● What to do
The output is the lines below from the one with "Norma SAINT AMAND" through the one with "Ручка для розсувних", both included, printed exactly and with no other line.
_ _ _ _
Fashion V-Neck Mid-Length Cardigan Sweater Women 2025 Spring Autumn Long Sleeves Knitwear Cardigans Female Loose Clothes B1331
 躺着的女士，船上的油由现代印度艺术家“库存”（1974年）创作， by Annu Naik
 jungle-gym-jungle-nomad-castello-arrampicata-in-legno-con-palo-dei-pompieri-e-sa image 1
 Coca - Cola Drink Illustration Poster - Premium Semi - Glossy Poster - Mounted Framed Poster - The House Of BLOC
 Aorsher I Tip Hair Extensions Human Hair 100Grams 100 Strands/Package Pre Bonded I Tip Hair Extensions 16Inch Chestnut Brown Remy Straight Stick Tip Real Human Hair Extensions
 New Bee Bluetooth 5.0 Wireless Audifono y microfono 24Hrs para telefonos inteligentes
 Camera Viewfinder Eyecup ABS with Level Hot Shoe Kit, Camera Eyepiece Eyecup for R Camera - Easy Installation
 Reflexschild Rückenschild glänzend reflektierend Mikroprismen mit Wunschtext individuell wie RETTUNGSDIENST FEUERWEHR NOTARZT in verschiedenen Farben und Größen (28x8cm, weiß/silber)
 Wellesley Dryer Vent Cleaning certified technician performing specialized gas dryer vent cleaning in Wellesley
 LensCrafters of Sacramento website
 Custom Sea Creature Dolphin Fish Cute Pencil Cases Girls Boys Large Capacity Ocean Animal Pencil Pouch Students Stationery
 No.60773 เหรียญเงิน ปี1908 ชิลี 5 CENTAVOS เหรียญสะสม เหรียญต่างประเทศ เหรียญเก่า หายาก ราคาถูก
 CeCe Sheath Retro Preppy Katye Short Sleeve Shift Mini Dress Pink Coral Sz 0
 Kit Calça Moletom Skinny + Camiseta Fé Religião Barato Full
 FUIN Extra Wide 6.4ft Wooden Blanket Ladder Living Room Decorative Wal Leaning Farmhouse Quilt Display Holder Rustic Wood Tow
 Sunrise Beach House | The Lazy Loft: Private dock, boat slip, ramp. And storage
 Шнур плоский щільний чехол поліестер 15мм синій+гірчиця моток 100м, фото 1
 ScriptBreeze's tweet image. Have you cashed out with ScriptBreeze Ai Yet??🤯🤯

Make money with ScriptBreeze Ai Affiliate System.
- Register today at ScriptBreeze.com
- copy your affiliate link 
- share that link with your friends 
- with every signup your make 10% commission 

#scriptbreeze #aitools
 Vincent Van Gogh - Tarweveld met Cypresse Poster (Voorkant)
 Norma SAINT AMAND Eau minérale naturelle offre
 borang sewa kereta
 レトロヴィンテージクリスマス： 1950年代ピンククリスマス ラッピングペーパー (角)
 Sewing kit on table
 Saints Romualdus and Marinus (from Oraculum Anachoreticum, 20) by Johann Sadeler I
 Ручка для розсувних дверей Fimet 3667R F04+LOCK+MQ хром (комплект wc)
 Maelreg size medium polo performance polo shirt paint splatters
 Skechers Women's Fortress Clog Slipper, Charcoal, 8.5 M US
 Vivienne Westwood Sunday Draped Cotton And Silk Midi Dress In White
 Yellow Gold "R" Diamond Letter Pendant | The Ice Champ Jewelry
_ _ _ _
● Task output
 Norma SAINT AMAND Eau minérale naturelle offre
 borang sewa kereta
 レトロヴィンテージクリスマス： 1950年代ピンククリスマス ラッピングペーパー (角)
 Sewing kit on table
 Saints Romualdus and Marinus (from Oraculum Anachoreticum, 20) by Johann Sadeler I
 Ручка для розсувних дверей Fimet 3667R F04+LOCK+MQ хром (комплект wc)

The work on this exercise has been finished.